U.S. options exchanges sound alarm on new tax rules
WASHINGTON (Reuters) - Options exchanges and other financial players worried about proposed new tax rules on U.S. dividend tax withholding for foreign investors will vent their objections at a public hearing held by the U.S. Internal Revenue Service on Friday.
In January, the IRS and the Treasury Department published the proposed rules - expected to kick in on January 1, 2013 - that would put withholdings for foreign investors on dividend-equivalent swap payments on a par with stock dividends.
The rules stem from a March 2010 law aimed at combating dividend-tax withholding avoidance by foreigners.
A non-U.S. stockholder is subject to a 30 percent withholding tax on dividends from direct ownership of a stock.
But there is no tax withheld on dividend-equivalent payments from swap contracts.
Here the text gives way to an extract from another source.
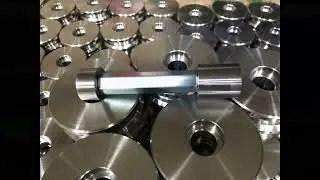 Mach 4 Tool Wear Offsets Tab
"The IRS had a reason for doing what it did," said Stephen Land, a partner with law firm Linklaters LLP.
"They're very worried about leaving any openings, which is why they took a broad approach ... But they created a system that simply cannot be complied with," he said.
Options exchange operator CBOE Holdings Inc said up to 20 percent of U.S. options volume could be threatened by the new rules, which some financial firms fear are too broad.
Andy Nybo, head of derivatives research at Tabb Group Inc., said: "The main concern from CBOE or any other options exchange would be that demand for U.S.-listed options products will suffer."
OneChicago LLC, a single-stock futures exchange, said in a letter to the IRS and Treasury that the regulations would likely prohibit foreign customers from trading its products.
In addition to U.S. exchanges, Deutsche Bank AG, the Abu Dhabi Investment Council and others have submitted comment letters asking for changes to the regulations.